CALGARY, ALBERTA–(Marketwired – June 28, 2017) – US Oil Sands Inc. (“US Oil Sands” or the “Company“) (TSX VENTURE:USO), an innovator of oil extraction technologies, announces it approved entering into of an amendment to the loan agreement with ACMO S.à R.L. (“ACMO“), the Company’s largest shareholder, to provide the previously announced US$5 million senior secured convertible loan facility to fund remaining PR Spring Project (the “Project“) start-up costs and to provide working capital for the Company (the “Financing“).
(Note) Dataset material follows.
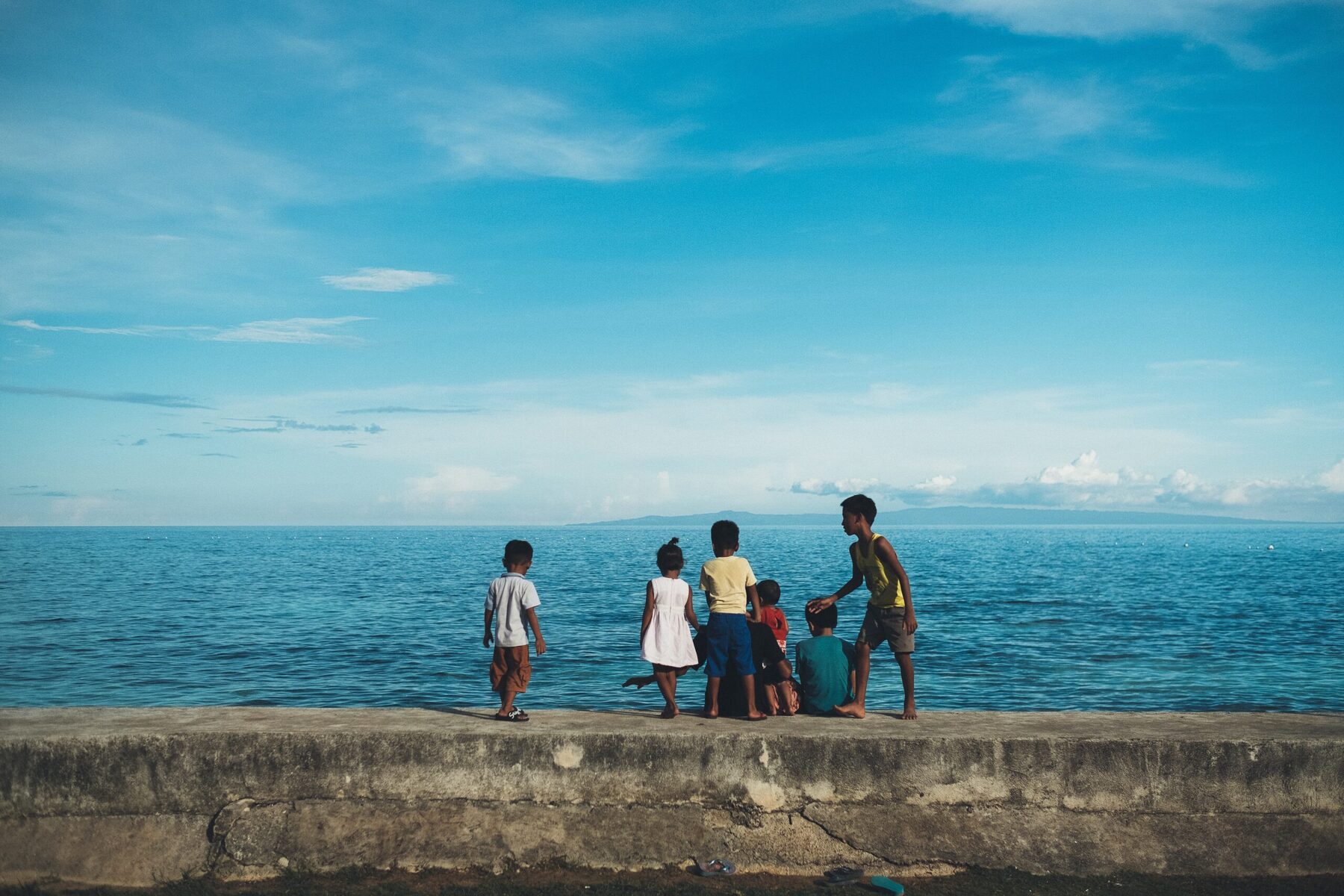 Children at the waterβs edge, smiling, in a coastal village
It is expected that the Financing will close, subject to the satisfaction of all terms and conditions, on June 30, 2017. For further details on the Financing, please see the Company’s press release dated June 13, 2017.
In conjunction with the Financing, the Company has applied to the TSX Venture Exchange (the “Exchange“) to delist the Company’s common shares (the “Common Shares“) from trading on the Exchange. The Company obtained approval from a majority of disinterested shareholders for the delisting of the Common Shares. The Company expects the Exchange to delist the Common Shares on June 29, 2017 after which time the Common Shares will not be able to be traded on the Exchange.
Upon delisting from the Exchange, the Company will continue to be a reporting issuer under Canadian securities laws and will remain subject to Canadian continuous disclosure requirements.
ABOUT US OIL SANDS INC.
US Oil Sands is engaged in the exploration and development of oil sands properties and, through its wholly owned United States subsidiary US Oil Sands (Utah) Inc., has a 100% interest in bitumen leases covering 32,005 acres of land in Utah’s Uinta Basin. The Company plans to develop its oil sands properties using its proprietary extraction process which uses a bio-solvent to extract bitumen from oil sands without the need for tailings ponds. The Company is in the pre-production stage, anticipating the commencement of bitumen production and sales once it has completed start-up of the Project.